Jan Karski (Mon nom est une fiction) ( Yannick Haenel / Arthur Nauzyciel)

Jan Karski (Mon nom est une fiction) ( Yannick Haenel / Arthur Nauzyciel)

Montrer l’impossibilité de montrer 

On entend une voix. Elle psalmodie un récit en polonais, tandis que le visage en gros plan de la statue de la liberté occupe le fond de scène, en grand format. Il ya un dialogue, qui est marqué par une grave incompréhension. Puis il s’agit d’un tournage. On assiste au long monologue d’un metteur en scène qui raconte son entreprise de présentation de l’itinéraire de Jan Karski : l’émissaire de la résistance juive et polonaise se vit éperdu dans sa tentative de témoignage sur la Shoah. 
Le théâtre raconte un acteur ; son long monologue parle du cinéma, qui renvoie à des situations, lesquelles évoquent en creux le spectre de la destruction. Le spectacle met longtemps à s’inscrire sur ces décombres, qui ne cessent de signifier le non-sens ; de l’inhumain sans doute ne sait-on rien, c’en est déjà trop.
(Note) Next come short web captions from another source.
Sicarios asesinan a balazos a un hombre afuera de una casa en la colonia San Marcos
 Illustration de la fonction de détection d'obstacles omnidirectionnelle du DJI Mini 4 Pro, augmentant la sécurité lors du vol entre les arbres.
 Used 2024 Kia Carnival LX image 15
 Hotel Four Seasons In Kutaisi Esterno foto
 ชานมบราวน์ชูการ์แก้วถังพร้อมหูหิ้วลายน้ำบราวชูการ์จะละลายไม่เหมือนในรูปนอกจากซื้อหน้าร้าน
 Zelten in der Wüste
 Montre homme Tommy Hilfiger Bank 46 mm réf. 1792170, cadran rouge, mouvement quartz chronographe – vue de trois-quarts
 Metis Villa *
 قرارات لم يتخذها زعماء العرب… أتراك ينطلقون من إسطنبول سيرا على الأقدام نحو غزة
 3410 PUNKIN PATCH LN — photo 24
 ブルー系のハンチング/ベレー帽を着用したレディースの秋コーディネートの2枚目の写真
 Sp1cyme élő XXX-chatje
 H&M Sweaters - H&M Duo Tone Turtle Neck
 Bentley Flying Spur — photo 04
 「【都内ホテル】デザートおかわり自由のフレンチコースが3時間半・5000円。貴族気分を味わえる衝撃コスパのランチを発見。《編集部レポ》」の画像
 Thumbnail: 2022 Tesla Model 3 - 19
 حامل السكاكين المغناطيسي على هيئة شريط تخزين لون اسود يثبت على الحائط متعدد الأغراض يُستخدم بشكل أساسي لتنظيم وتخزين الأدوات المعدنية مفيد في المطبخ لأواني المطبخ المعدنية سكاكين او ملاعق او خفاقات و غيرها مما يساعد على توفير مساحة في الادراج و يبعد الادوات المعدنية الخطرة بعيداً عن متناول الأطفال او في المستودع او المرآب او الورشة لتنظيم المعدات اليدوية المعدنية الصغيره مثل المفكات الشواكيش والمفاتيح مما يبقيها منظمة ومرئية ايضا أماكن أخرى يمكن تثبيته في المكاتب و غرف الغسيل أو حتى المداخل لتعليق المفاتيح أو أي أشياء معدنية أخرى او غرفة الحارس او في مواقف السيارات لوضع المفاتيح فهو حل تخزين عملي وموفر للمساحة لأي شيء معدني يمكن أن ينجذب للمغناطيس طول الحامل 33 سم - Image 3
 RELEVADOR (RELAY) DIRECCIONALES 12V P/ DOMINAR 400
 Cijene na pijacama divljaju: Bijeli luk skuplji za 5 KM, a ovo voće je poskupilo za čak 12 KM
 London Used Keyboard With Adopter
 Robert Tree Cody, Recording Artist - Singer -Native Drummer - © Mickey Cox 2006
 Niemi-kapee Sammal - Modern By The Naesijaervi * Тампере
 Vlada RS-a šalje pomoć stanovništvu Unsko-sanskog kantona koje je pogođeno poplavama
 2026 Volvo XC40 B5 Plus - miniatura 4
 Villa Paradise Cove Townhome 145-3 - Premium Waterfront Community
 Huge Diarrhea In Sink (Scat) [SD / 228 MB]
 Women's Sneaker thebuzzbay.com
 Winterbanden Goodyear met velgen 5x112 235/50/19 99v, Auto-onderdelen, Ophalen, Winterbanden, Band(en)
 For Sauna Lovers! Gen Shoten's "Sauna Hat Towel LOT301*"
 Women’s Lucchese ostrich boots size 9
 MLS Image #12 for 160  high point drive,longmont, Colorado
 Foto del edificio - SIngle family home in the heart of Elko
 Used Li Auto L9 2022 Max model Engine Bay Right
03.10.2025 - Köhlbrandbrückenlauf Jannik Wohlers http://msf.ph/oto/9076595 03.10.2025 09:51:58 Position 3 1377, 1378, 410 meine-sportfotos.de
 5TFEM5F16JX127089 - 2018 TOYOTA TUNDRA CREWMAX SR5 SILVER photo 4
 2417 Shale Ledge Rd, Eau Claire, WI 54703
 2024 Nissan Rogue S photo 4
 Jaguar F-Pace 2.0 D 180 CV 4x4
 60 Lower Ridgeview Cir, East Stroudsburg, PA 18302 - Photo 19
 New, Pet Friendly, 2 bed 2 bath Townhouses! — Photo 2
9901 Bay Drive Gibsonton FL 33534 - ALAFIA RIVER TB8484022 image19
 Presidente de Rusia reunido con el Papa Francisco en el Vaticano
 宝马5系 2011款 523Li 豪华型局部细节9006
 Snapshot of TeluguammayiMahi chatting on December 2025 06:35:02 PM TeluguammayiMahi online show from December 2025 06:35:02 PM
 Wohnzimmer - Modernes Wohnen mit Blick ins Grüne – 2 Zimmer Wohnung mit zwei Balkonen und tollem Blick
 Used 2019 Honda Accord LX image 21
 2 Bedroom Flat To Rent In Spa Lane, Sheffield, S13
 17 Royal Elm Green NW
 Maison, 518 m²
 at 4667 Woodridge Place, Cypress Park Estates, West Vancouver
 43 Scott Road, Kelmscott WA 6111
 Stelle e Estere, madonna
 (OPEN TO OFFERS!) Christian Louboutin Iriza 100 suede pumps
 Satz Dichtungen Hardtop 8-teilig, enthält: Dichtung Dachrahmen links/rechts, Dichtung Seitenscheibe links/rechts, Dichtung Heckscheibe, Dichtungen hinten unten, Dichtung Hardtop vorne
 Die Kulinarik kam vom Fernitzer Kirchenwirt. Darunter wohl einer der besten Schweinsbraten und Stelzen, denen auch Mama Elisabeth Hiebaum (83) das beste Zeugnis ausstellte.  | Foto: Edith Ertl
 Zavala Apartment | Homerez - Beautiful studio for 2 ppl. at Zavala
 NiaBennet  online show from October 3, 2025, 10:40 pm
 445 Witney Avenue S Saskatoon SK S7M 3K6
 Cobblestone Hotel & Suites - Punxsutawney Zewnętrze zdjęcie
Bien sûr il s’agit de montrer l’impossibilité de montrer ; pourtant on assiste à un témoignage qui ne s’impose pas sur scène. Sa théâtralisation ne paraît en effet pas justifiée. On s’enfonce certes dans le couloir de la douleur inaudible. L’ultime expression de l’horreur exprime l’impossibilité d’entendre. La représentation montre la solitude de Jan Karski, dont le périple pourrait l’ouvrir au monde, mais ne fait que le confronter à la pesanteur d’un réel imperméable à son propos.
Le spectacle est essentiellement auditif ; aucun principe de focalisation ne vient cristalliser l’attention du spectateur.  Il en résulte un acheminement vers le verbe sans voix ; un message qui se perd entre son émission impérieuse et sa réception insidieusement impossible.

A la fin du spectacle on assiste à une forme de reconnaissance de l’irréalisable : les images persistantes de l’agonie sans fin des victimes confirment l’irrémédiable difficulté de mettre en situation l’indicible.

christophe giolito

Jan Karski (Mon nom est une fiction)

d’après le roman de Yannick Haenel

mise en scène Arthur Nauzyciel

avec

Manon Greiner, Arthur Nauzyciel, Laurent Poitrenaux

et la voix de Marthe Keller

Vidéo Miroslaw Balka ; musique Christian Fennesz ; décor Riccardo Hernandez ; assisté de James Brandily ; lumières Scott Zielinski ; regard et chorégraphie Damien Jalet ; son Xavier Jacquot ; costumes José Lévy assisté de Géraldine Crespo.

Au théâtre de la Colline,

15 rue Malte-Brun
Paris 75020
01 44 62 52 52

du 8 au 18 juin 2017

du mercredi au samedi à 20h30, le mardi à 19h30 et le dimanche à 15h30

Grand Théâtre Durée 2h40

Tournée

Le spectacle a été créé le 6 juillet 2011 au Festival d’Avignon.
Il a reçu le prix Georges-Lerminier du Syndicat de la critique pour la saison 2011/2012 et Laurent Poitrenaux a reçu le prix Beaumarchais du Figaro en 2012 pour son rôle dans le spectacle.